Si la technologie est non seulement un moyen plus efficace, mais aussi plus accessible, de développement des compétences, pourquoi ne pas la mobiliser pour le projet national urgent de développement des compétences de notre jeunesse ?
Vous voyez, cette compétence numérique n'est pas réservée à une élite de la société ; c'est le ciment qui lie un collectif de natifs du numérique, transcendant les classes, les origines et les cultures spécifiques. Et comme je l'ai suggéré précédemment, les milléniaux en Afrique utilisent la technologie numérique aussi intuitivement que n'importe qui d'autre dans le monde.
Plus que jamais dans notre histoire industrielle, nous disposons de l'infrastructure éducative nécessaire pour réaligner les enseignements de nos systèmes éducatifs sur les compétences requises sur le marché moderne.

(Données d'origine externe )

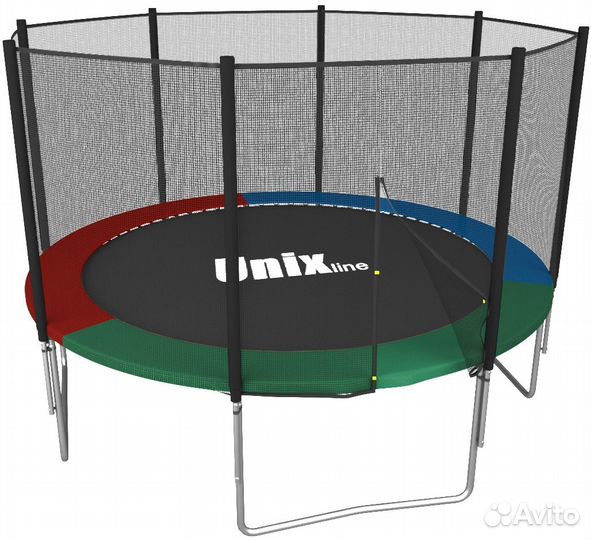 Батут Simple 6-12 FT Green-Color (outside-inside)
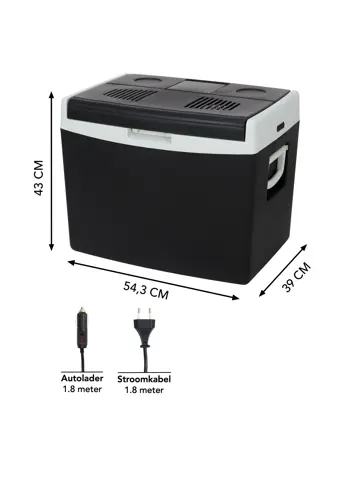Elektrische Koelbox - 40L - Coolbox - 12V en 230V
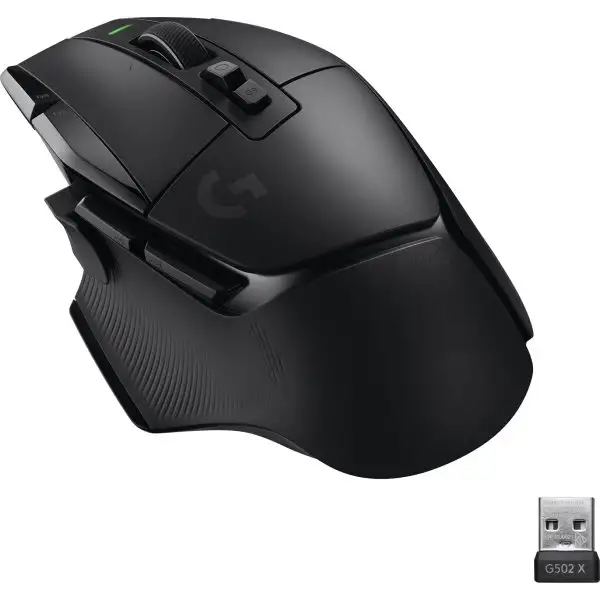 Logitech G502 X LIGHTSPEED trådlös mus | svart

Car ce n'est pas seulement un manque d'emplois qui alimente le chômage de six millions de jeunes en Afrique du Sud. Dans de nombreux domaines, notre main-d'œuvre est tout simplement insuffisamment qualifiée. Ainsi, alors que les initiatives gouvernementales récentes incitent les entreprises privées à embaucher des jeunes – la campagne la plus récente du YES (Youth Employment Service) visant à rendre plus d'un million de postes disponibles pour les jeunes travailleurs – nous devons nous assurer que nos jeunes sont suffisamment qualifiés pour prospérer sur le lieu de travail. Toute solution visant à faire bouger nos jeunes doit également s'attaquer plus directement au déficit de compétences sous-jacent.

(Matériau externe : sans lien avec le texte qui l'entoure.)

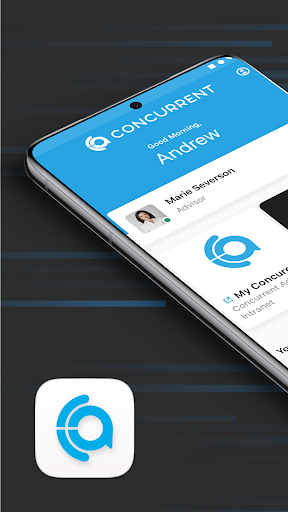 Android application Concurrent Advisors Portal screenshort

Avec un portefeuille de matériel de formation en constante expansion, utilisé sur le lieu de travail sur un support accessible, n'y a-t-il pas un potentiel pour réduire ces applications à des environnements d'apprentissage plus larges, voire même des écoles, mettant ainsi des compétences plus pertinentes à la portée des apprenants de notre pays ? L'objectif de notre CSI éducatif pourrait-il être d'adapter les dérivés du matériel de formation approprié à une expérience de classe éducative ? Intégrons la soudure, l'assemblage, le service client, l'exploitation des machines et des usines, ainsi que l'ingénierie dans des flux d'apprentissage formels en utilisant les technologies éducatives déjà existantes dans le monde de l'entreprise !

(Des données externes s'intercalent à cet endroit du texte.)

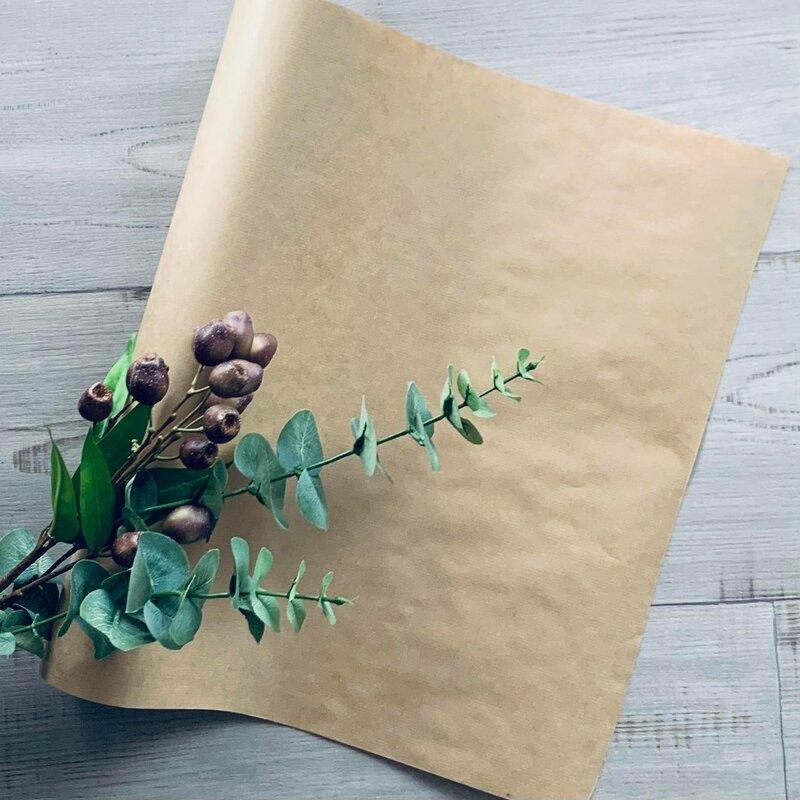 Brown Kraft roll-Ribbed 50mt - centaur packaging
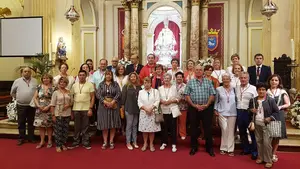 La novena para conmemorar el martirio de San Fermín culmina con la recepción de 60 nuevos cofrades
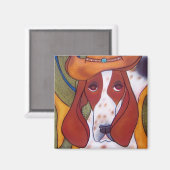 Bungalowart.com Desert Hound Magnet Magneet (Voorkant / Achterkant)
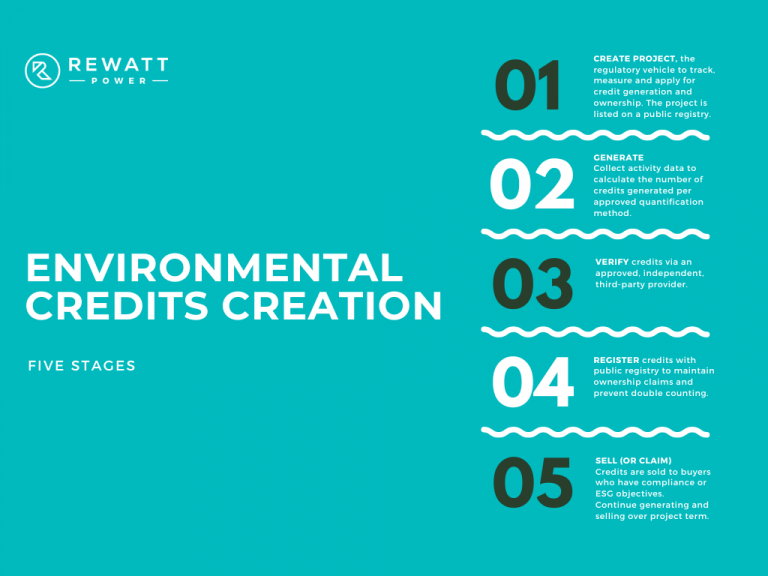 The five stages of environmental credit creation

Peut-être que la salle de classe requise pour ce type d'apprentissage technique est légèrement différente du modèle qui est en service, largement inchangé, depuis plus d'un siècle. Peut-être que ces « salles de classe » deviennent plus décentralisées, avec des entreprises qui ouvrent leurs installations de formation, leurs salles de réunion, leurs équipements audiovisuels, etc. à des cours techniques programmés ?
Cependant, si la logistique précise du déploiement de cette nouvelle approche de l'éducation doit se concrétiser, elle aura besoin du soutien et de l'encouragement du gouvernement pour permettre, formaliser et réglementer les filières éducatives axées sur l'acquisition de compétences afin de réussir. Avec le secteur public et privé dédié à la mobilisation de la puissance de la technologie éducative pour améliorer les possibilités d'apprentissage en classe, nous pouvons commencer à construire un système où l'achèvement d'une filière scolaire produit des personnes plus préparées aux exigences de l'économie formelle, et qui peuvent être employées beaucoup plus rapidement et de manière rentable en tant que telles.
C'est ainsi que nous pouvons commencer à faire en sorte que notre jeunesse devienne un dividende, et non un fardeau.